* [Your instructions]: Nothing but the pictures is dropped; write out all the remaining data below exactly.

* [Dataset excerpt]:
=-=-=
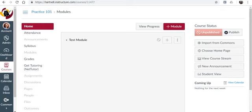To submit this assignment, you'll first complete the assignment directions in your practice course. For example, if your assignment is to create a page in any Canvas course,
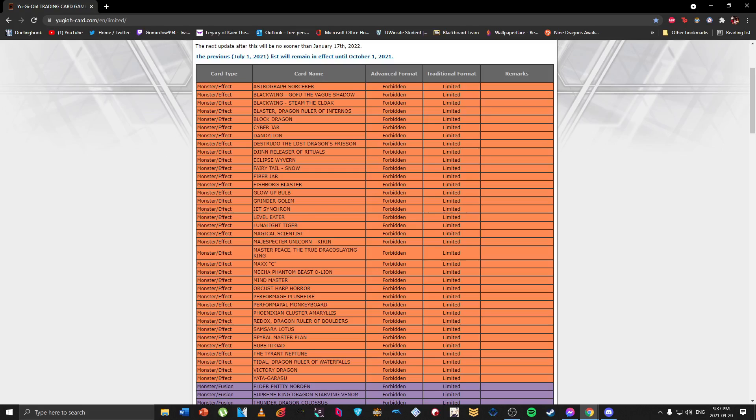So going through this, my initial thoughts were they were gonna probably ban Dragoon or at least affect Dragoon in some kind of way. Maybe Verte Anaconda - I was kind of looking at that card just because of how much of a facilitator it is.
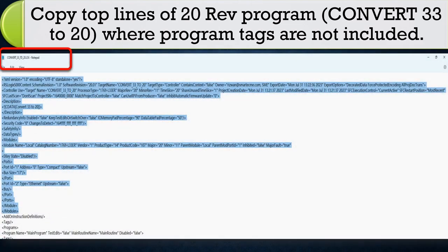Copy top lines of arslogix 5000 file, major revision 20 program, convert 33 to 20, where program tags are not included.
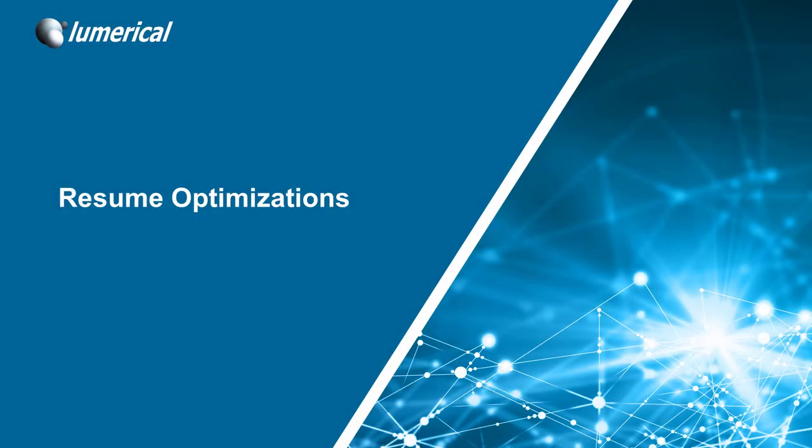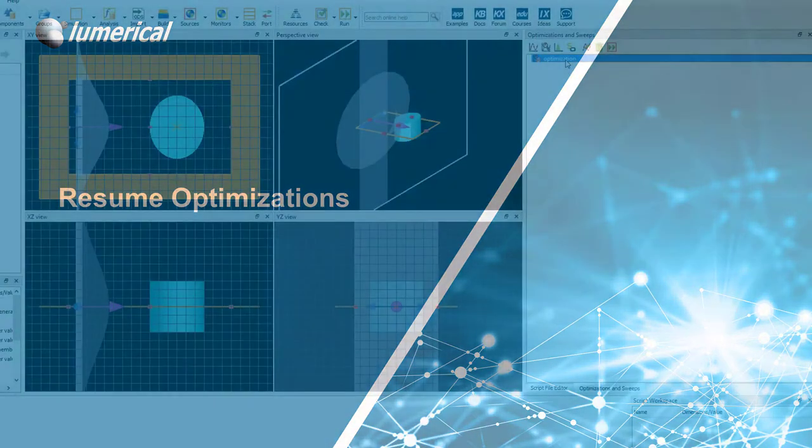Hi, this is Lumerical Spark and welcome to another weekly video where we introduce a new feature requested by customers. This week we present the ability to resume the optimization utility.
=-=-=
* [Output below]:
To submit this assignment, you'll first complete the assignment directions in your practice course. For example, if your assignment is to create a page in any Canvas course,
So going through this, my initial thoughts were they were gonna probably ban Dragoon or at least affect Dragoon in some kind of way. Maybe Verte Anaconda - I was kind of looking at that card just because of how much of a facilitator it is.
Copy top lines of arslogix 5000 file, major revision 20 program, convert 33 to 20, where program tags are not included.
Hi, this is Lumerical Spark and welcome to another weekly video where we introduce a new feature requested by customers. This week we present the ability to resume the optimization utility.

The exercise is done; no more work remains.